One more god to go?

The most public atheist in the world these days is the brilliant, British scientist–Dr. Richard Dawkins. (Penn & Teller may give him a run for the title, though.)

I have enjoyed reading the books by Dr. Dawkins.  He keeps believers honest.  “Reason” is a reasonable thing for atheists to expect from believers.

We live in an age where much of what people used to believe about God–we now know is nonsense.

*It used to be that church leaders thought putting a lightning rod on the roof of a church meant they lacked faith.  “If God wants to protect this building, He will.”

*It used to be that people thought the Bubonic Plague was punishment.  They would hold religious parades petitioning God for relief.

*It used to be that men and women of nonconformist behavior were thought to be possessed by the devil. They were treated by either being dunked repeatedly in a tank of water, or by outright being burned to death.

We live in an age where a lot more is known about why things happen.  It is reasonable for atheists to expect believers to use reason.

One piece of logic that Dr. Dawkins often invokes is:  In the past, people believed in many, many gods.  Norse gods.  Roman gods.  The names of our weekdays testify.  In the version of Latin that is now French, the week days are called

Lundi (named for the Moon)

Mardi (Mars)

Miercoli (Mercury)

Jeudi (Jupiter)

Viernes (Venus)

Samedi (Saturday)

Dimanche (finally, a nod to Christianity–“Day of the Lord”)

In English, our weekdays carry Saxon names that are taken from Norse mythology:

Monday (Moon)

Tuesday (from the Norse god Tyr, the god of law)

Wednesday (Woden, from the Norse god Odin, father of all the gods)

Thursday (Thor. the god of thunder)

Friday (named for the Norse goddess Frigg, the wife of Odin)

Saturday (Saturn)

Sunday (the Sun)

All of these gods are no longer believed in.  Dr. Dawkins concludes, there’s only one more god to go!

But even for believers, who can not imagine jettisoning God as the final, pagan superstition, there still is one more god to go.

The last “false god”–is indeed one of the firmest beliefs ABOUT God.  And that is, that God has everything under control.  All that happens–ultimately–is under God’s rule.  The Supreme Being can’t be trumped.  Whatever happens, ultimately, if not God’s direct will, it is at least God’s leave.  Because God is supreme.

This is the most difficult notion about God for most believers to give up.

The difficulty is two things:

For one, it’s in the Bible.

Secondly, it’s incomprehensible in monotheism for anything to seem beyond God’s control.

There used to be a belief in ancient times that competed with early Christianity–called “Manicheism.”  A believer in Manicheism was at one time–Augustine!  This most famous Father of the Church, living in the 4th Century, at first believed that the world was equally divided between a good spirit vs. an evil spirit.  That’s why bad things happened.
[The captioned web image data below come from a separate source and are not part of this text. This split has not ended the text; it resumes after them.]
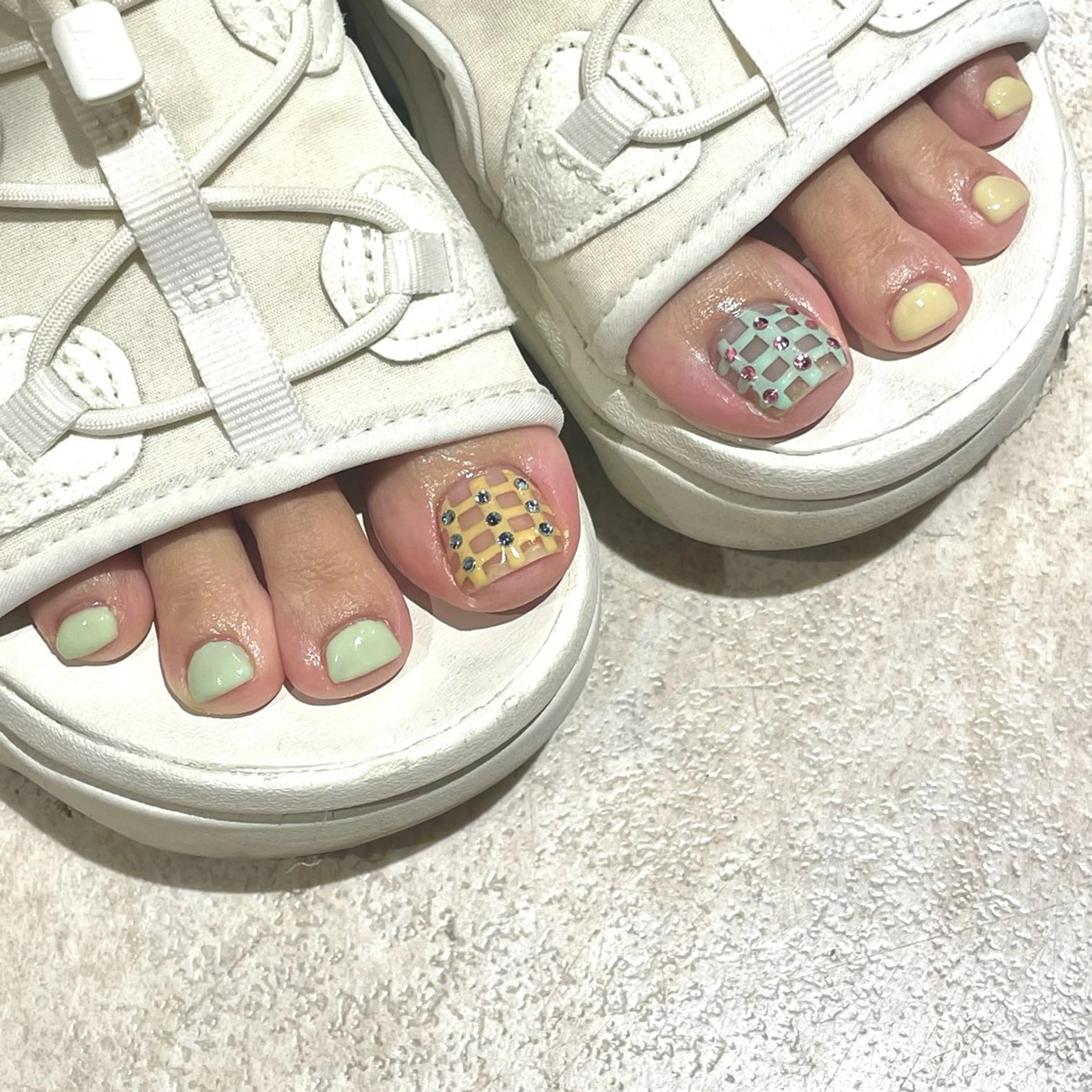 ネイル シンプルネイル 楓花 🌸のネイルデザイン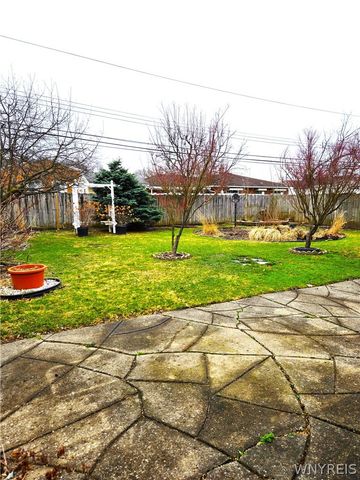 225 Donna Lea Boulevard, Amherst, NY 14221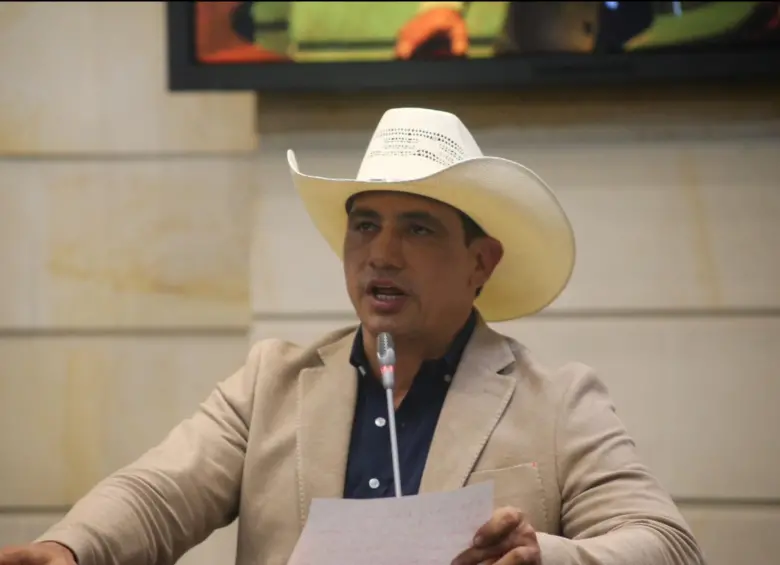 Una mujer, quien prefirió guardar su identidad bajo reserva, denunció penalmente al senador. FOTO: CONGRESO DE LA REPÚBLICA.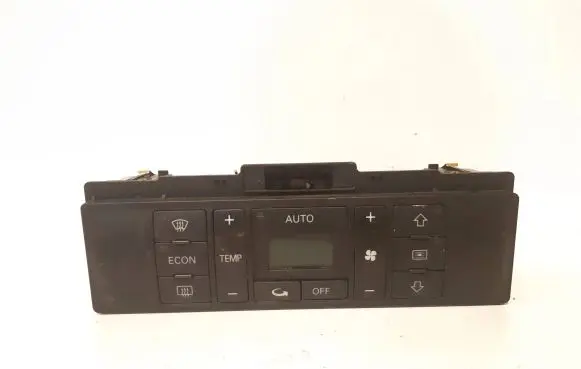 Audi A4 S4 B5 8D Climate control unit 8D0820043M 5HB00790805 D570002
Augustine eventually gave up on Manicheism.  He became a believer in God.  And believing there is only ONE God, Augustine believed that this one God was not contending on an equal basis with evil.  God had the upper hand.  God was in control.

But I believe this idea of God as being in control of life is the final “false god”.  It is the final superstition for modern people to surrender.

I know that this way of thinking about God is not the way most people think.  If you’re going to believe in God, the very definition of God seems to include One Who is “in control.”

Otherwise, why be God?  Why believe in God?

Some years ago, the movie Michael came out.  Michael is the archangel Michael.  He has become a travelling companion with two men and a woman who work for a tabloid newspaper.  One of the writers has a pet dog.  One day, while they’re staying at a motel, the dog gets away and runs out onto a highway.  A semi kills the dog.  The owner of the dog is crushed with grief.  One of the other writers goes to Michael and says, “Do something!”  And the writer quickly adds, “And don’t give me any of this ‘It isn’t my area.’  Either DO something, or go back to where you came from.”

THAT was honest.  Either BE someone we can believe in Who has power and might, or why should we believe?  Why believe in a God Who is limited just to giving us consolation?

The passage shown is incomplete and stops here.